With most of my family living out on the West Coast, I have to get on an airplane every once in a while to pay a visit, and boy, things have changed from when I first went out there.
Once what was a fun way to travel has become torture for me. I hate it. If I could drive there in a reasonable amount of time, I would. It’s just a huge hassle, and it starts at the security gates, but that’s for another time.
My biggest complaint about flying is all the extra charges. You’ve got to hand it the airlines. They really dream up some good ones with charges for a lot of services that used to be free. Baggage charges are the ones that outrage me. But passengers are fighting back. They’re finding all kinds of ways to avoid it, and the airlines are feeling it. Last spring, baggage fees were down 7 percent from the year before.
So now the airlines are introducing some new fees, but these are the kind that some passengers might actually like. Airlines are betting that passengers will pay to rent Apple iPads preloaded with movies, get hot meals in coach and have an empty seat next to them. Once you get to your destination, you can pay to skip baggage claim and have your luggage delivered directly to your home or office.
Some airlines are keeping track of passengers while they’re in the airport. The plan is, if somebody clears security hours before their flight, they could be contacted on their phone and offered a discounted day pass to the airline’s VIP lounge.

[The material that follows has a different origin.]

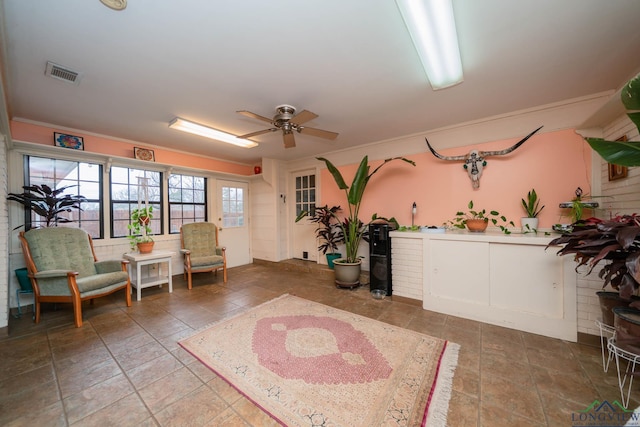 living area with visible vents and a ceiling fan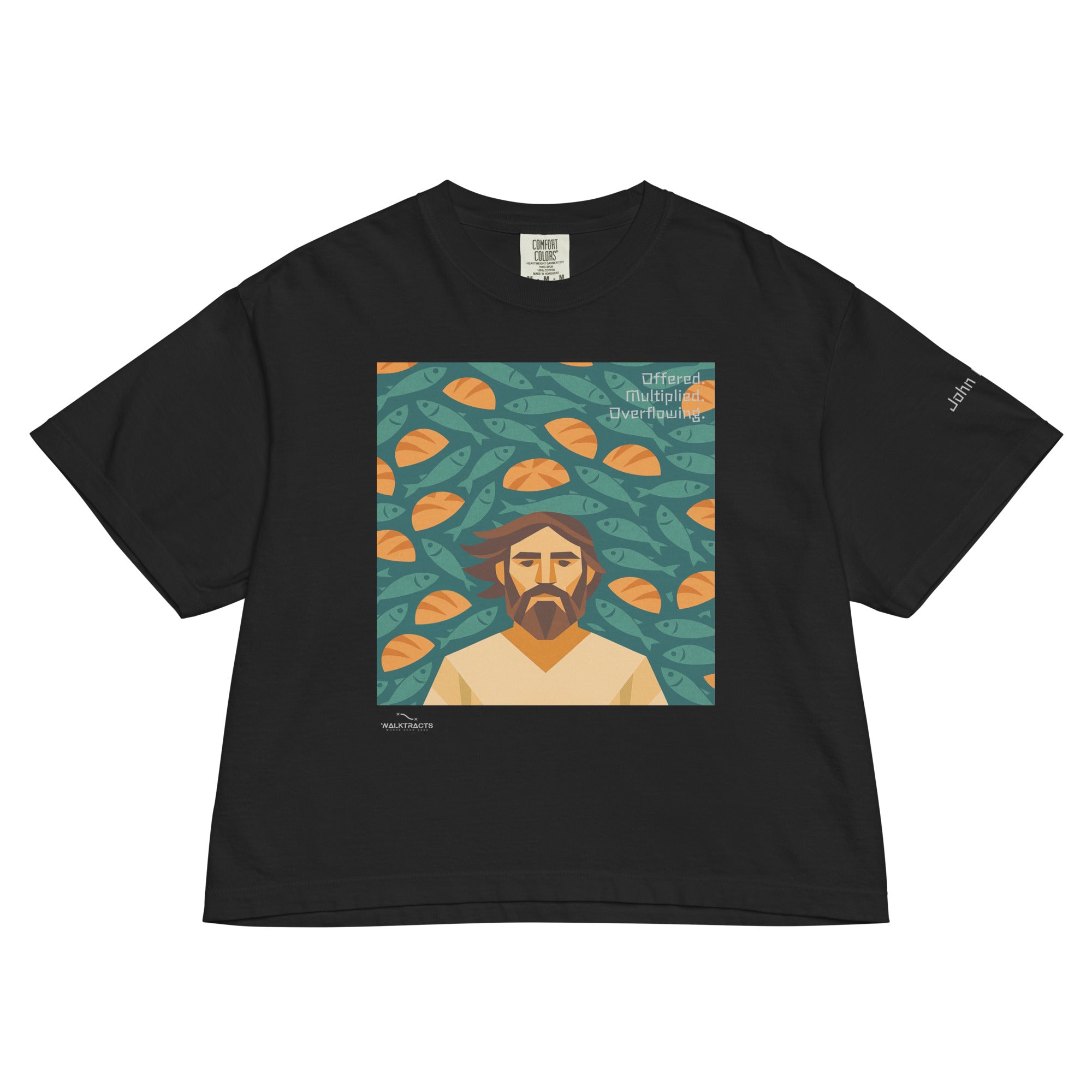 Women's black boxy Christian graphic t-shirt inspired by the 5 loaves and 2 fish story (John 6:9–11), with Bible verse printed on left sleeve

Last year, all those extra fees generated $15 billion in extra revenue for airlines, and it’s what makes them profitable. They say because of the high cost of fuel, without the fees, they wouldn’t be able to stay in business.
Airlines have tried to raise fares 48 times in the past three years, but more than half the time they had to lower the fare again because reservations declined so badly. Still, fares have increased 3 percent over the past decade, while the cost of jet fuel has nearly tripled. Without the extra fees, fares would be 15 percent higher.